Businessman (1862–1914)

Johann Puch (Janez Puh, 27 June 1862 – 19 July 1914) was a Slovene inventor and mechanic who went on to become the founder of the Austrian Puch automobile plants, then one of the most significant vehicle producers in Europe.

==Biography==
Johann Puch was born on 27 June 1862 to Slovene peasants at house no. 79 in Sakušak near Ptuj, part of Lower Styria, Slovenia. He was the son of the cottager Franz Puch and Agnes Ziserl Puch, and he was baptized Johann Puch the same day in Juršinci. The eldest son of nine children, he left his family home at the age of eight and at twelve apprenticed as a locksmith in Ptuj. Having finished his training in 1877, he moved to the Styrian capital Graz, where he did his military service and from 1885 worked for several employers. He concentrated on bicycle manufacturing and soon became a noted specialist. On 18 September 1889, he married Maria Anna Reinitzhuber at the cathedral in Graz.

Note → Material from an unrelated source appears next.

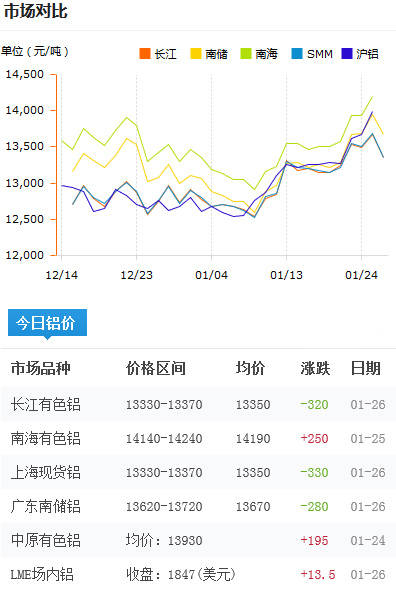 铝锭价格今日铝价2017-1-27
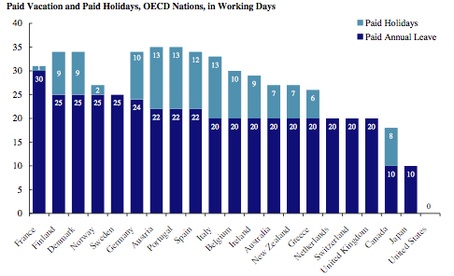 American-paid-vacations2.jpg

In 1889, Puch travelled to a bicycle trade fair in Leipzig, where he concluded a contract with Thomas Humber's cycle company. The same year he founded his first workshop in Graz and started to distribute Styria safety bicycles. His enterprise quickly expanded and in 1891 he founded the Johann Puch & Comp. trading company with 34 employees, selling bicycles all over Austria-Hungary, as well as exporting to the United Kingdom and France. Racers on Styria bicycles were successful in long-distance road races, most notably Josef Fischer, winner of the first edition of Paris–Roubaix in 1896. At that time, Puch already employed more than 300 workers and sold about 6,000 bicycle per annum.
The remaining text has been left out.